A peine cette expédition militaire est-elle accomplie, que d'autres mouvements éclatent ; ce n'est plus seulement en Italie que les ducs féodaux veulent briser les liens qui les unissent aux Francs, mais c'est encore le duc de Bavière, du nom de Tassillon, comme le nomment les chroniques ; car les chansons de gestes donnent le nom du sage Naymes au duc des Bavarois. Partout où la puissance régulière des comtes et des leudes de Charlemagne ne s'étendait pas, il avait établi des duchés féodaux se rattachant au vaste tout qui depuis forma l'empire. Les Bavarois avaient un duc militaire comme les Saxons et les Frisons après la conquête ; celui-ci devait tribut aux Francs et à Charlemagne, leur souverain. Tassillon, vassal de cette couronne par serments faits au roi Pépin et à son fils, était allié à la famille lombarde[6], car il avait épousé une fille de Didier, et par le Tyrol la Bavière s'unissait à la race d'Italie. La rébellion du duc de Bavière fut apaisée par l'intervention des évêques ; le pape engagea Tassillon à rester fidèle dans son hommage, et il vint à la diète de Worms livrer des otages et prêter serment de fidélité. La Bavière avait déjà des évêchés, et la cathédrale de Ratisbonne s'élevait magnifique sur le Danube. Les basiliques saintes et l'institution des évêchés étaient alors les signes de la civilisation d'un peuple[7].

Les annales disent aussi que Charlemagne fit pendant cette période une expédition dans la Bretagne, par lui ou par ses lieutenants. Les Bretons formaient dans les Gaules comme une race indomptée qui habitait l'antique pays des Armoriques[8] ; ils avaient des mœurs à part, une langue qui se rattachait au souvenir de la patrie celtique ; leurs villes étaient rares, quelques monastères situés sur les grandes rivières avaient préparé à la civilisation de ces contrées sauvages. Dans la Bretagne, les vieilles mœurs dominaient toujours ; on voyait des autels druidiques, l'adoration des arbres sacrés, des forêts séculaires ; les comtes étaient tout à fait indépendants, et l'Armorique avait en vain juré foi et hommage aux Mérovingiens ; Pépin l'avait maintenue à peine à l'aide des comtes et gouverneurs de marches qu'il y avait établis. Les Bretons se réveillèrent encore, et Charlemagne, dans une diète à Worms, résolut une expédition dans l'Armorique ; les stériles chroniques rapportent seulement que les succès furent rapides ; les Francs prirent les villes, se divisèrent les terres, et les cartulaires contemporains ont gardé souvenir de quelques-uns de ces partages. Les chroniques ne disent pas si Charles conduisit la guerre en personne ; peut-être se contenta-t-il d'envoyer un de ces hommes de force et d'énergie, qui, semblable à Roland de grande mémoire, était duc ou comte de la Bretagne[9]. Les Bretons, domptés comme les Saxons et les Lombards, donnèrent des otages, et les évêques rattachèrent par les liens catholiques cette province au vaste tout conçu par Charlemagne.

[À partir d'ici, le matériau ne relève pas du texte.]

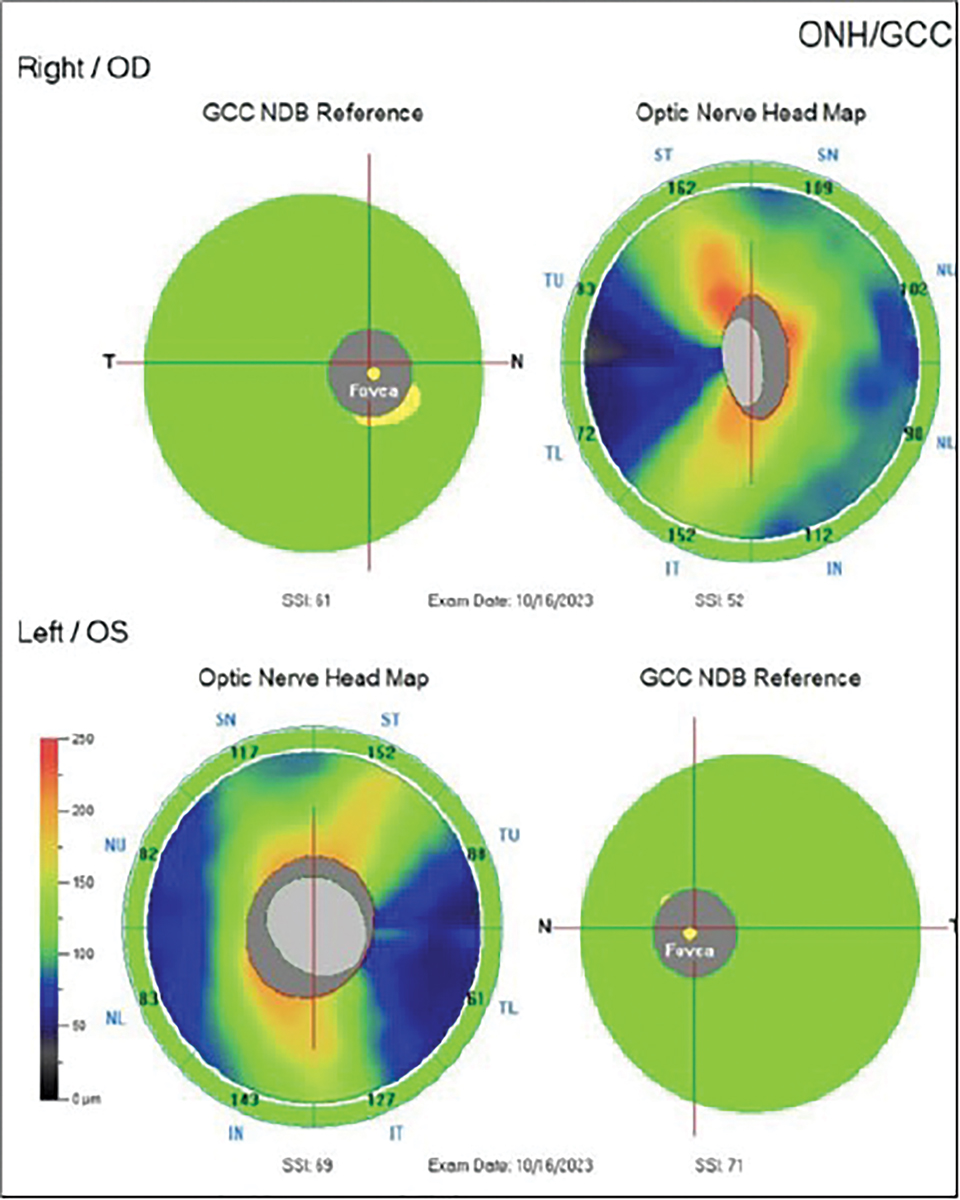 Fig. 8. This same patient’s normal OCT results.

Toute la vie du roi se passe en ces expéditions lointaines, qui ont pour but de faire reconnaître sa souveraineté. Les Lombards conservent l'esprit italien, léger, facile à la révolte ; et d'ailleurs ils se trouvent désormais les alliés des Grecs, qui offrent d'appuyer un mouvement contre Charlemagne. La situation des Lombards change ; naguère ils avaient conquis leurs villes sur les dépouilles de l'empire d'Orient, leur domination de l'Adriatique s'était accomplie sur les Byzantins ; Ravenne la grecque était dans leur souveraineté : aujourd'hui que les Francs sont campés dans la Lombardie, les empereurs de Byzance redoutent bien plus ces nouveaux conquérants que les ducs lombards de Bénévent, de Frioul et de Spolette. Ces grands féodaux de la couronne de fer se trouvent placés entre deux hommages : ou ils se déclareront les vassaux soumis de Charlemagne, ou bien ils se rattacheront à l'empire de Byzance, en devenant ainsi des espèces d'avant-postes grecs. Un pacte secret est conclu entre ces vassaux et les empereurs par le fils de Didier ; le pape Adrien, le véritable surveillant pour Charlemagne en Italie, le prévient de cette trahison nouvelle de la race lombarde[10], qui va se placer sous la suzeraineté de Constantinople. Là surtout est le mobile de la lutte entre les deux races lombarde et franque : d'une part, est la puissance de Charlemagne, soutenue et appuyée sur Rome, grandissant le domaine de Saint-Pierre par les dons de terres conquises ; de l'autre, sont les anciens princes lombards qui appellent les Grecs à leur aide. Les empereurs byzantins les appuient et les soutiennent ; ils leur confèrent le titre de patrices, et les négociations vont si loin, que pour se ployer mieux encore aux habitudes et aux mœurs des Grecs, Arigise, duc de Bénévent, adopte les vêtements courts, surchargés d'or, qui distinguent les habitants de Byzance ; il fait prendre ce costume à ses sujets et se rase la tête comme les Grecs.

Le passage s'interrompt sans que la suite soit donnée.